Buku-buku lain yang kemudian saya koleksi, yang saya dapatkan dari hunting di toko-toko buku underground seperti di Blok M Plasa, antara lain Hujan Bulan Juni dan Ayat-ayat Api.
Bertemu Lagi di Festival Pembaca Indonesia 2015
Kemudian saya lulus kuliah dan ditempatkan di Sumbawa. Tak ada kesempatan untuk ikut acara-acara sastra lagi.
Baru pada tahun 2015, ketika kembali ke Bintaro, untuk melanjutkan kuliah, saya bisa bertemu beliau lagi.
Nasib beliau berubah. Pembaca buku makin menerima sastra. Buku-buku Sapardi dicetak ulang semuanya oleh Gramedia. Dan waktu itu beliau menerbitkan buku Melipat Jarak.
Seorang teman memberikan buku itu kepada saya.
Saya menonton beliau memberikan wejangan.
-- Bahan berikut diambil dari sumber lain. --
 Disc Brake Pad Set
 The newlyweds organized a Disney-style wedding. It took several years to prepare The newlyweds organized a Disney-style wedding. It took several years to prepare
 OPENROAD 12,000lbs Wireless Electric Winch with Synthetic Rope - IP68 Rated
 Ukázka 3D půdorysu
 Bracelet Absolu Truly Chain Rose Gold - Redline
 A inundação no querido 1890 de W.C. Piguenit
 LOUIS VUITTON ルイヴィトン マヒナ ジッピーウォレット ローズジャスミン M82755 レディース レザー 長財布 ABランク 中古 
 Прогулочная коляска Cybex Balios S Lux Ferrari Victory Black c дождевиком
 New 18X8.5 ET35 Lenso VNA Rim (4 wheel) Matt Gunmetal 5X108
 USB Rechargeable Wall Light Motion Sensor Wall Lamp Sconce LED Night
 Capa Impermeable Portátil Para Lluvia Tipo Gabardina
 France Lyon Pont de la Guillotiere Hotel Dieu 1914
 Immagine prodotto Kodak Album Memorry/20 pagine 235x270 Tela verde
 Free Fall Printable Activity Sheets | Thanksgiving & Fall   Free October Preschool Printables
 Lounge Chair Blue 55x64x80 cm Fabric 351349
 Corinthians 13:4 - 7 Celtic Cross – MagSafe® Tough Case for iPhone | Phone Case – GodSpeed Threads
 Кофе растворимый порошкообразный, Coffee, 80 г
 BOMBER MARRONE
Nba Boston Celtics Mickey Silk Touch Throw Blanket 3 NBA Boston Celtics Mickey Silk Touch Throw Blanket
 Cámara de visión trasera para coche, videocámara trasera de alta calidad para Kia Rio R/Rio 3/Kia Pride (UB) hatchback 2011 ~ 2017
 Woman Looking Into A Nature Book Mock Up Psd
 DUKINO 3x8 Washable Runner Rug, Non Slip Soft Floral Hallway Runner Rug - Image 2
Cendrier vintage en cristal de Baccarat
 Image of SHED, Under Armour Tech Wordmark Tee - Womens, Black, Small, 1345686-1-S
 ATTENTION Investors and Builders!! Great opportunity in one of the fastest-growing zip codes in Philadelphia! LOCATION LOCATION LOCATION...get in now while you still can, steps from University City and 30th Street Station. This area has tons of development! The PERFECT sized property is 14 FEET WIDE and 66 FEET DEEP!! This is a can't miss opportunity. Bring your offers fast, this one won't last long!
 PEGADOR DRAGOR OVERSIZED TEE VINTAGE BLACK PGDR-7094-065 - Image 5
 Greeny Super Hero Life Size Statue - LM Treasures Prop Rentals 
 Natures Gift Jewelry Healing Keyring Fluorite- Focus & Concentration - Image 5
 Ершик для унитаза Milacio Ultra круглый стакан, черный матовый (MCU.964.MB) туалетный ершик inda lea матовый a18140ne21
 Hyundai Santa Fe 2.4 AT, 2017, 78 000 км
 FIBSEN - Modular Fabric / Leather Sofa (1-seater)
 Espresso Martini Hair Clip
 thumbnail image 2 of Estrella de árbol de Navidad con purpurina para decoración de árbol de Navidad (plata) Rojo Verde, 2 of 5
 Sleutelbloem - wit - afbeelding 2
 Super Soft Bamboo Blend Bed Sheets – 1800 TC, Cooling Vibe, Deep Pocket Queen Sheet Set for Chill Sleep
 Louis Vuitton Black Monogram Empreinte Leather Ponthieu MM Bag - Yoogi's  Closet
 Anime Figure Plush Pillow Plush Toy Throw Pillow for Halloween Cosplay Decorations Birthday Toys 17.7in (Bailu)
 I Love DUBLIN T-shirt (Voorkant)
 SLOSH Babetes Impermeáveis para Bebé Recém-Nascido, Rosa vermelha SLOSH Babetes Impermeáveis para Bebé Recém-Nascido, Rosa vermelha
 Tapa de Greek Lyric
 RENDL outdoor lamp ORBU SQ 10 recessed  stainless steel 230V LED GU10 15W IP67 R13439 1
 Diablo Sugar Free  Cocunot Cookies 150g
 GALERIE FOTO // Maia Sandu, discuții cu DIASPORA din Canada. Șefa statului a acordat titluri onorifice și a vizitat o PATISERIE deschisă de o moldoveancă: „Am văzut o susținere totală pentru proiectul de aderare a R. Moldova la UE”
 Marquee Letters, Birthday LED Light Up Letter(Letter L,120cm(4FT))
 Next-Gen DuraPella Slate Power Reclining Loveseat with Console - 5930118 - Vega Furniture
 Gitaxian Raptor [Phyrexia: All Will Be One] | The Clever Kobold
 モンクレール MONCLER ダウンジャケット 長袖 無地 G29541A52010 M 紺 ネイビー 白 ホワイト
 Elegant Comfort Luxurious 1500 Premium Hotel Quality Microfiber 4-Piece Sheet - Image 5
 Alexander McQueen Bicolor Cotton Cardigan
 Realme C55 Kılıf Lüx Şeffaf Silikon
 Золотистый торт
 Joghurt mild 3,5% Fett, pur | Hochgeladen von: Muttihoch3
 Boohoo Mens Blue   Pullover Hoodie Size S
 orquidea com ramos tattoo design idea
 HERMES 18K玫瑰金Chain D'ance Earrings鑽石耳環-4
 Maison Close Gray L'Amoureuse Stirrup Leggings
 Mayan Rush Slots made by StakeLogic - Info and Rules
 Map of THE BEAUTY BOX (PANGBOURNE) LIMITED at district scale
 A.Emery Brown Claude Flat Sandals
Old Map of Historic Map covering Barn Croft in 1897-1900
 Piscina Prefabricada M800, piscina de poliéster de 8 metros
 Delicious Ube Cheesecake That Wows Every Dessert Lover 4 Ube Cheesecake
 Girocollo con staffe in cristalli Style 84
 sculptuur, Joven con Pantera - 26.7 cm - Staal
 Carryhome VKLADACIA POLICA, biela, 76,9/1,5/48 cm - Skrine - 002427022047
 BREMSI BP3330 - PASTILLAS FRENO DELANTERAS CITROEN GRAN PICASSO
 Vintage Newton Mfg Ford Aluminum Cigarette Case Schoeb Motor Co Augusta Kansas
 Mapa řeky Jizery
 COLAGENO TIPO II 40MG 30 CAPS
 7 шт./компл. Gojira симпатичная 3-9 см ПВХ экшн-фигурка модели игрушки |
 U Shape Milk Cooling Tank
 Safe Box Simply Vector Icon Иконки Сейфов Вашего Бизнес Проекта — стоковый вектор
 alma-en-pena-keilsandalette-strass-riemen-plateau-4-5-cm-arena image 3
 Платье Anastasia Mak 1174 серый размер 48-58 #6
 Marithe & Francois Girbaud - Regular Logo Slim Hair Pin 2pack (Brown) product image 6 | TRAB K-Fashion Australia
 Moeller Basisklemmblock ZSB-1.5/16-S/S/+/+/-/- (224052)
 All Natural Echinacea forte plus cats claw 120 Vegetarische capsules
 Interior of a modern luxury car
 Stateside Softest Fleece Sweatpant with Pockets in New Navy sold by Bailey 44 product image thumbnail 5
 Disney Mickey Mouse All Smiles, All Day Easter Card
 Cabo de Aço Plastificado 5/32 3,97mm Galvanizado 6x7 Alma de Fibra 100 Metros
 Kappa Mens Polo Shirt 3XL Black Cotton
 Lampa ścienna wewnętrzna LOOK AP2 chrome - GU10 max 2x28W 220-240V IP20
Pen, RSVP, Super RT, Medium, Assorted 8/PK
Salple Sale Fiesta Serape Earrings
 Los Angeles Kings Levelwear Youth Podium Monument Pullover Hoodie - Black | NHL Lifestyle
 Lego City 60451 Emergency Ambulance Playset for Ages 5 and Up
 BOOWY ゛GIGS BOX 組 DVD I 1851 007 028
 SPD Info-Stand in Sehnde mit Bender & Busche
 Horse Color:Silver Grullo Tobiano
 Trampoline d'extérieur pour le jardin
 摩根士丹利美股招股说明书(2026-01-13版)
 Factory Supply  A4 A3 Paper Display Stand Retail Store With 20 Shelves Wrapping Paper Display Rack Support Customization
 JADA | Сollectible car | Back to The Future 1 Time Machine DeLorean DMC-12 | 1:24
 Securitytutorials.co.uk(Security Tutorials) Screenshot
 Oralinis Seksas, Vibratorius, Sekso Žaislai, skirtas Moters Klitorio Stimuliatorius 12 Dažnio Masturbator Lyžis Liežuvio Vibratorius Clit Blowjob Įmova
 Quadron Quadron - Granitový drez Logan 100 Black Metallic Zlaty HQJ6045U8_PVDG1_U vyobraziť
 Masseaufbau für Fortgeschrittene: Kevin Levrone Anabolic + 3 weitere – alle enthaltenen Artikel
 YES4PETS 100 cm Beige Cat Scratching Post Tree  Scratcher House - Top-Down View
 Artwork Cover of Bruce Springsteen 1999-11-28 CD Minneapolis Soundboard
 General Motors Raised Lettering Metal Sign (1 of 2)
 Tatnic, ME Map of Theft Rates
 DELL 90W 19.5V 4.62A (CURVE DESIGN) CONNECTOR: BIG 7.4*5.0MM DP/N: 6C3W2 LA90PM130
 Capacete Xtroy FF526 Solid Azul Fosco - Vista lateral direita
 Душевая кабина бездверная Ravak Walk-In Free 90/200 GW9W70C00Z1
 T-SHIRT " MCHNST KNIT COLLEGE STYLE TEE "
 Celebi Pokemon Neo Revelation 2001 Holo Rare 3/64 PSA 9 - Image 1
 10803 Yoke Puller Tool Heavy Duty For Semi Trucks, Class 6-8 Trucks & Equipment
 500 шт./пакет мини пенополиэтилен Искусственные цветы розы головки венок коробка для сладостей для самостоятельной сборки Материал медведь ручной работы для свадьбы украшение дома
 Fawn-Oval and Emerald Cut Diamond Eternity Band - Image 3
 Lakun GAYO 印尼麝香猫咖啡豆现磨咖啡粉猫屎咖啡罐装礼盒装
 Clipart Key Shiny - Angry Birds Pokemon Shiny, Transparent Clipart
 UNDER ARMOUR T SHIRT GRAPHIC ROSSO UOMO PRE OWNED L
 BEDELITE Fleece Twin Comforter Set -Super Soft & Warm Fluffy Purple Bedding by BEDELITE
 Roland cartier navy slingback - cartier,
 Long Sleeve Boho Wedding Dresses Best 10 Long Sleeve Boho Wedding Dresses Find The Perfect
Mengenai metafora. Bilangnya begini maksudnya begitu. Mengenai Dongeng Marsinah, puisi yang ia tulis selama tiga tahun karena menurutnya menulis puisi tidak boleh marah. Sementara kasus Marsinah membuatnya selalu marah sehingga ia perlu waktu yanh lama untuk menenangkan diri guna bisa menulis puisi.
Setahun berselang, sejarah menandai begitu populernya puisi dengan menghadirkan panggung di Asean Literary Festival 2016.
Sapardi Djoko Damono dihadapkan dengan Joko Pinurbo. Najwa Shihab menjadi moderator.
Saya duduk di depan karena beruntung menjadi salah satu penulis Indonesia dalam program residensi festival tersebut. Dan berterima kasih karena juga jasa beliau, puisi menjadi sedemikian populer hari-hari ini.